Entregue ao presidente Gabriel Boric no dia 5 de julho, o documento redigido por uma Assembleia de 154 cidadãos independentes aborda todos os temas estruturantes da sociedade chilena, incluindo os mais difíceis, como os direitos de reprodução, de paridade de gênero e do reconhecimento dos direitos
dos povos indígenas.

Duas pessoas se abraçam em uma praça à noite, no Chile
Dois apoiadores da nova Constituição do Chile se abraçam na praça Itália, no Chile, depois dos primeiros resultados da apuração - Martin Bernetti/AFP

Sua legitimidade histórica é inequívoca. A Constituinte cumpre a missão que se atribuiu a geração do 18-O, o nome da explosão social que aconteceu a 18 de outubro de 2019.

No cerne da sua divergência com a geração anterior, a do 11 de setembro de 1973, estava o diagnóstico sobre o legado da ditadura de Augusto Pinochet.

As antigas lideranças do Chile acreditavam na melhora progressiva e negociada do quadro constitucional, embasada pelo projeto político da Concertación. As novas chegaram ao poder com a promessa de refundar o Estado.

Os constituintes chilenos, no entanto, padeciam de duas limitações decisivas. Eles são os representantes de uma nova classe política inspiradora, mas que está no início da sua trajetória. Uma realidade distante da Constituinte brasileira de 1988, por exemplo, composta por políticos experientes, representantes inatacáveis da sociedade civil, e por inúmeras velhas raposas de Brasília.

A segunda limitação é socioeconômica. Embora a situação social chilena seja difícil, é muito melhor do que a sul-africana, quando Nelson Mandela chegou ao poder com a missão de encerrar o apartheid.

A defesa de uma mudança constitucional não encontrou aderência entre os vencedores do capitalismo chileno, que a repudiaram como uma aventura desnecessária num momento de incerteza geopolítica.

Atentos a essas questões, os constituintes foram hábeis ao deixar de lado os moinhos de vento da velha esquerda, como o discurso contra o "modelo neoliberal" e, em vez disso, colocaram a política climática no coração do novo desenho institucional.

A ecologia não consta em apenas alguns artigos da Carta proposta. Ela a permeia e a organiza. Ela introduz noções fundamentais de justiça climática e de preservação intergeracional que ainda estão longe de existir mesmo nas democracias mais avançadas. O novo direito ambiental altera a relação de força entre a sociedade e a indústria extrativista.

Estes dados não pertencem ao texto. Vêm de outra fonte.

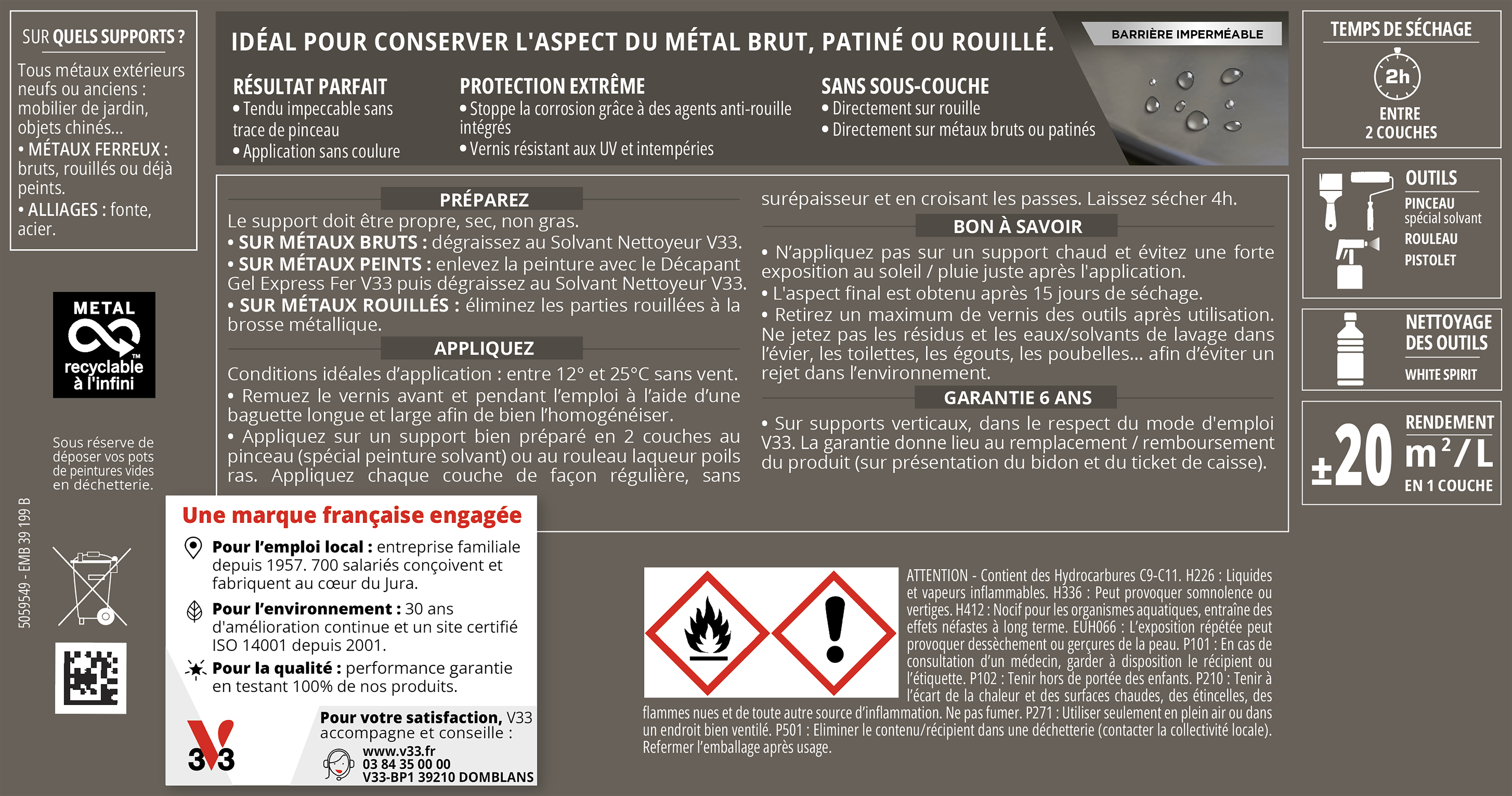 Vernis Métaux extérieur climats extrêmes® V33, incolore brillant 0.5 l - 2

O fracasso não teve a ver com os seus supostos exageros utópicos. O movimento pela aprovação da Constituição foi vítima do desgaste do processo de transformação política que o deflagrou. Ele sofreu com a associação negativa ao governo Gabriel Boric e às suas dificuldades em desenrolar o seu programa econômico e social.

Em seguida, seus defensores tiveram de apresentar um texto repleto de conceitos novos num contexto de alta inflacionária inédito para os padrões chilenos. Por fim, uma onda de fake news inundou o debate público com acusações de amadorismo e desorganização.

Retumbante, a derrota representa uma ameaça existencial para o projeto de Boric. O documento, no entanto, fica na história como a primeira tentativa concreta de preparar a América Latina para a
nova era climática.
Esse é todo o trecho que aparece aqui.